Records contained in a dataset
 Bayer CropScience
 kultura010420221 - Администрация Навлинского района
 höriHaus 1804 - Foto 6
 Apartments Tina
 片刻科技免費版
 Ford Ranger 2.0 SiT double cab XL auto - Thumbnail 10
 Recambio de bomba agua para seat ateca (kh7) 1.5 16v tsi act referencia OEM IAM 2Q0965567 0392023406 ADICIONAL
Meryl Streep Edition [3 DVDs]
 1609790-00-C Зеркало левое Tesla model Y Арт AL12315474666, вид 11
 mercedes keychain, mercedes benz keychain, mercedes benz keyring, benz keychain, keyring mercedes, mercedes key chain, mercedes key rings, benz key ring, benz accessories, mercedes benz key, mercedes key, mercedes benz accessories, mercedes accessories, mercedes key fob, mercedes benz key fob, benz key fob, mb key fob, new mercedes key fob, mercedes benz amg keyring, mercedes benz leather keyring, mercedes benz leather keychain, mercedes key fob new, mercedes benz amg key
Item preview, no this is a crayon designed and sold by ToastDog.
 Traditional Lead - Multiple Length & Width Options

* * *

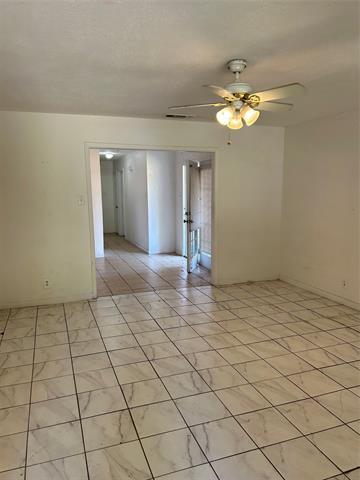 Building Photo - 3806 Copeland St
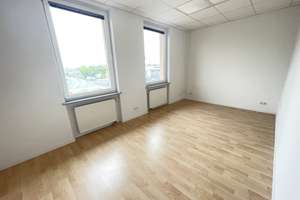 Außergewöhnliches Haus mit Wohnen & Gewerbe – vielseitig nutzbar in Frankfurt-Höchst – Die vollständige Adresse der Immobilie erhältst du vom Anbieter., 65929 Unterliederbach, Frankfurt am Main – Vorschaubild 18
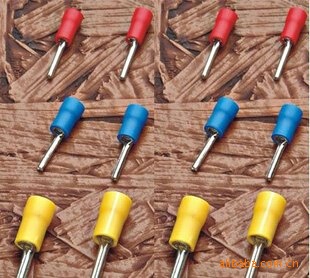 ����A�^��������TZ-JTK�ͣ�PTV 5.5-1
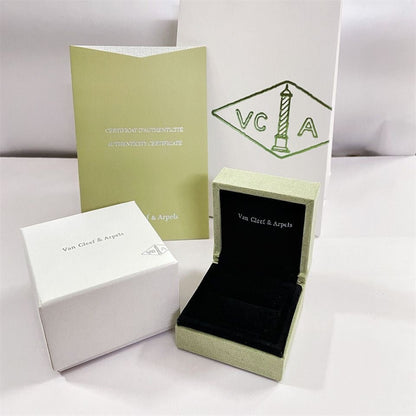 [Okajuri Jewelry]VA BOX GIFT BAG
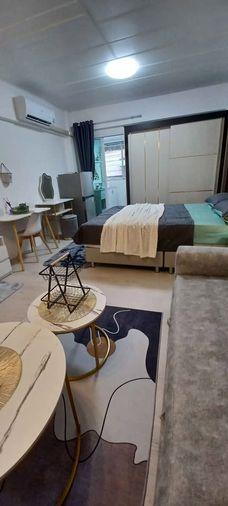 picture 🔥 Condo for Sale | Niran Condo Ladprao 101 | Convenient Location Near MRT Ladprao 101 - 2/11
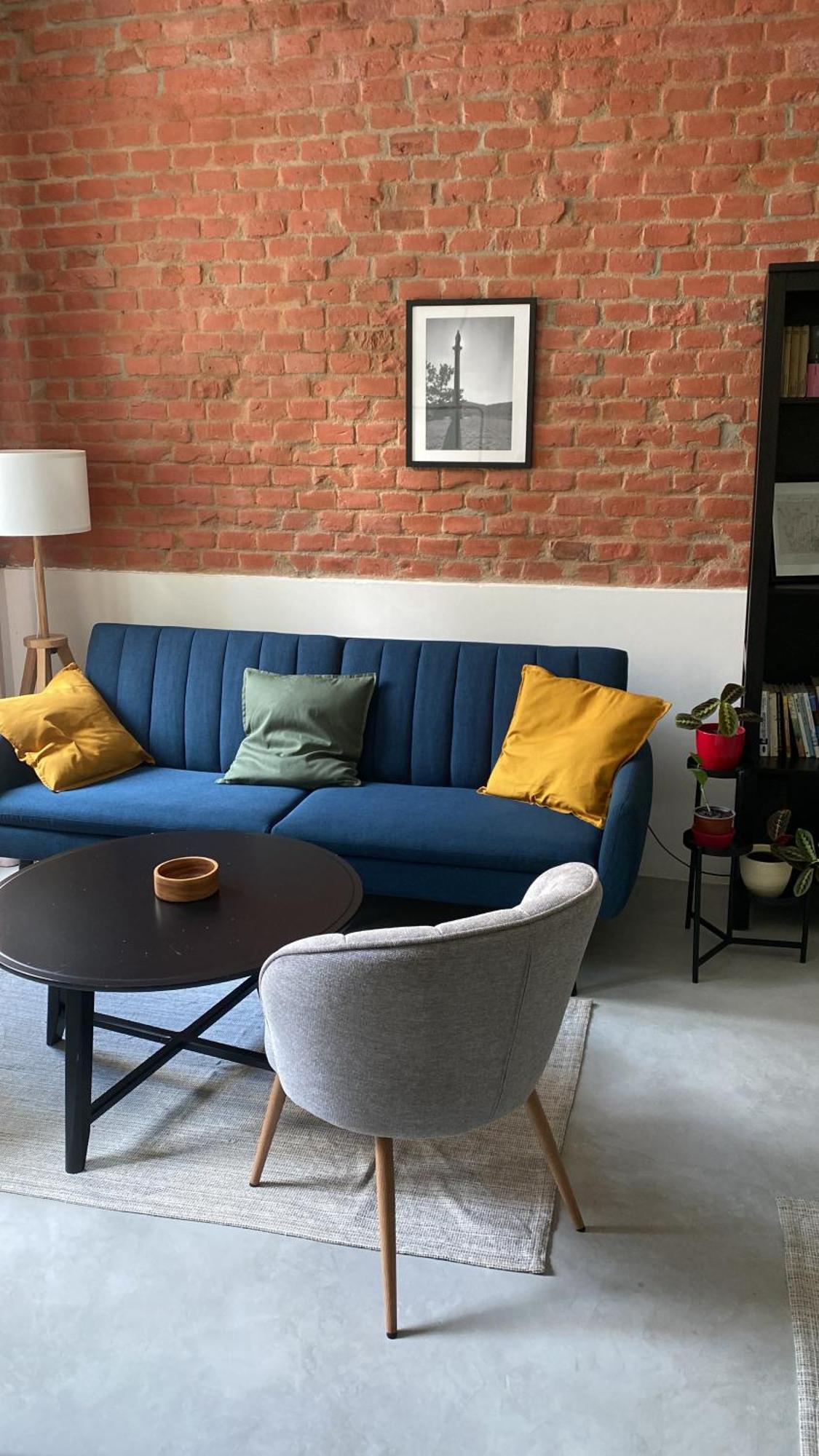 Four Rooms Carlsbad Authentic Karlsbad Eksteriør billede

> YOUR INSTRUCTIONS:
Return exactly the stretch above whose first line contains "[Okajuri Jewelry]VA BOX GIFT BAG" and whose last line contains "Four Rooms Carlsbad", and nothing outside it. The pictures should not appear.

> OUTPUT BELOW:
 [Okajuri Jewelry]VA BOX GIFT BAG
 picture 🔥 Condo for Sale | Niran Condo Ladprao 101 | Convenient Location Near MRT Ladprao 101 - 2/11
 Four Rooms Carlsbad Authentic Karlsbad Eksteriør billede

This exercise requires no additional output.